Teodosic opted in anyway, guaranteeing $2.1 million of his $6.3 million salary. Why not get as much money as possible on the way out?

But apparently Teodosic isn’t leaving L.A., as his contract became fully guaranteed yesterday.

Broderick Turner of the Los Angeles Times:

The Clippers are expected to keep guard Milos Teodosic despite their crowded backcourt, according to an NBA official not authorized to speak publicly.

The Clippers traded guard Austin Rivers for center Marcin Gortat since the initial report, but that hardly ended the backcourt logjam. Patrick Beverley, Avery Bradley, Lou Williams, Shai Gilgeous-Alexander, Jerome Robinson, C.J. Williams and Jawun Evans remain at guard.

The bigger logjam is with the overall roster, though. The Clippers now have 17 players on standard contracts, two more than the regular-season limit. That doesn’t bode well for Williams, whose salary is unguaranteed. Without another trade, Evans or Sindarius Thornwell could get cut.

Why the change of heart on Teodosic? Perhaps, he’s progressing better than expected medically. The 31-year-old missed 37 games last season with a foot injury, and there was concern about his long-term health. But when on the court, he’s a dazzling passer and long-distance shooter.

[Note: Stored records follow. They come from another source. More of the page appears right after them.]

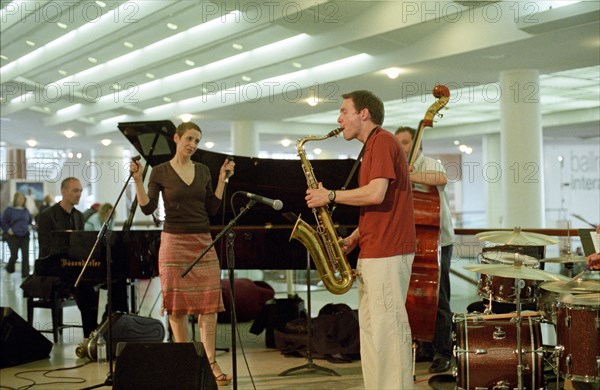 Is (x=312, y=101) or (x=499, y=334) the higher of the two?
(x=312, y=101)

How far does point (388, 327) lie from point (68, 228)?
388 centimetres

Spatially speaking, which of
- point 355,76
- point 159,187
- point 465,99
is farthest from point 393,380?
point 465,99

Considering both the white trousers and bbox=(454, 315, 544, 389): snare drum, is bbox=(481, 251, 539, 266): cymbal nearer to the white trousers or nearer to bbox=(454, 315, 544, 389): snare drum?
bbox=(454, 315, 544, 389): snare drum

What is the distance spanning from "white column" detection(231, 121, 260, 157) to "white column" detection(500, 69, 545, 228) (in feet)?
22.3

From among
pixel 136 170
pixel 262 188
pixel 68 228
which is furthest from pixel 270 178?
pixel 68 228

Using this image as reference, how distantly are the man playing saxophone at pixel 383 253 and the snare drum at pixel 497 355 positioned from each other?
2.39ft

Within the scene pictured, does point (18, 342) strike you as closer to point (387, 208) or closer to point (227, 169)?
point (227, 169)

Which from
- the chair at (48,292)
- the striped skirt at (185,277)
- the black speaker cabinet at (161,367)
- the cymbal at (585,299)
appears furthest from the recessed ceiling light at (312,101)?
the black speaker cabinet at (161,367)

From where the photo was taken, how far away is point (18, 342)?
5.51 meters

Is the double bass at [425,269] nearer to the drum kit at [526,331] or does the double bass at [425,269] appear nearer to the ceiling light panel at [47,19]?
the drum kit at [526,331]

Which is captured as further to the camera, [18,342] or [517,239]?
[18,342]

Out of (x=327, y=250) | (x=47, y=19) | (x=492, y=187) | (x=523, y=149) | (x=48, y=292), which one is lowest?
(x=48, y=292)

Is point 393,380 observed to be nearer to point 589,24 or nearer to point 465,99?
point 589,24

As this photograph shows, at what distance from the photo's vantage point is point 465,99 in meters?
14.2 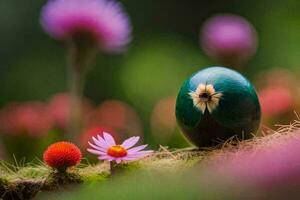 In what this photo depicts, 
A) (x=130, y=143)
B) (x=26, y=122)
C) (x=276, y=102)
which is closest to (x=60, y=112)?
(x=26, y=122)

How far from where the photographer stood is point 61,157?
45cm

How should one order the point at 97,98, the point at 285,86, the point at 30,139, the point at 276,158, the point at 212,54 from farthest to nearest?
the point at 97,98
the point at 212,54
the point at 285,86
the point at 30,139
the point at 276,158

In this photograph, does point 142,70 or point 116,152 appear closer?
point 116,152

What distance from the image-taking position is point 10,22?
2.12 meters

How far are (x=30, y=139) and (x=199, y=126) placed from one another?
539 mm

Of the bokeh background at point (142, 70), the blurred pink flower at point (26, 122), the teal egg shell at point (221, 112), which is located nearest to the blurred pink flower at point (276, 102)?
the bokeh background at point (142, 70)

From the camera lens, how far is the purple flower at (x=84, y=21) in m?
1.03

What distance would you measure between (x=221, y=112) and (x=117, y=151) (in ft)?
0.24

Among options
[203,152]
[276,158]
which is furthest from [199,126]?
[276,158]

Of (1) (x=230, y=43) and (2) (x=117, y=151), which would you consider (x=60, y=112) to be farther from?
(2) (x=117, y=151)

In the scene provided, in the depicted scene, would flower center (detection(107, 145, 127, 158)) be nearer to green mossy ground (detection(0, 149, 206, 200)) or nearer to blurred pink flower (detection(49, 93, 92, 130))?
green mossy ground (detection(0, 149, 206, 200))

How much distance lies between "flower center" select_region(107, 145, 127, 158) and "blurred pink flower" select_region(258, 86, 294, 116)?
533 mm

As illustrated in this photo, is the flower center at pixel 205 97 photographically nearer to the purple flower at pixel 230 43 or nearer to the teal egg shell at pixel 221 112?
the teal egg shell at pixel 221 112

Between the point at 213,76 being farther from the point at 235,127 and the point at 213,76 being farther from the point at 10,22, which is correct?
the point at 10,22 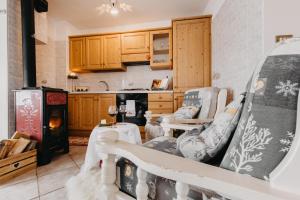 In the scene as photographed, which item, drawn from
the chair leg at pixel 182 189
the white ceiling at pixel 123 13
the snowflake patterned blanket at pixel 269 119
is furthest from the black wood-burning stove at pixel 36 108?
the snowflake patterned blanket at pixel 269 119

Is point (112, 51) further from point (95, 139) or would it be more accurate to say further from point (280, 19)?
point (280, 19)

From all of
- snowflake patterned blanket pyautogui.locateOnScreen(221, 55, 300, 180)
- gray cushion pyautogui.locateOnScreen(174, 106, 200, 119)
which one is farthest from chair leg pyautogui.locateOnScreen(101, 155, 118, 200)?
gray cushion pyautogui.locateOnScreen(174, 106, 200, 119)

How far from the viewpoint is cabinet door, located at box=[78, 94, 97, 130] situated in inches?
156

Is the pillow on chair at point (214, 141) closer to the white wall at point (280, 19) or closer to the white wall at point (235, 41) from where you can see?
the white wall at point (235, 41)

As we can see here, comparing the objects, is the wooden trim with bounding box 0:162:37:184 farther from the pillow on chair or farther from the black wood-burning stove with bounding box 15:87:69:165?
the pillow on chair

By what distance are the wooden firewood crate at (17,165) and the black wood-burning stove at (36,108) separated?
0.57 ft

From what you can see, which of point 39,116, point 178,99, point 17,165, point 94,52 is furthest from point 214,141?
point 94,52

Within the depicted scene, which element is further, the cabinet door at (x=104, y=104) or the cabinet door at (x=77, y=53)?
the cabinet door at (x=77, y=53)

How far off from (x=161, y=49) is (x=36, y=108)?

Being slowed won’t help his already-woeful defense, though.

The Clippers were already over the cap, and they’re in little danger of entering the luxury tax. So, the only costs of guaranteeing Teodosic are owner Steve Ballmer’s real money, a roster spot and him potentially blocking playing time of L.A.’s lottery-pick guards. But the Clippers could even cut Teodosic in the preseason if someone else emerges as more deserving of the roster spot, and Doc Rivers can choose whether to play Teodosic or Gilgeous-Alexander and Robinson.

So, the biggest development is the roster spot. Teodosic is now extremely likely to hold it into the season, which means monitoring who gets dripped.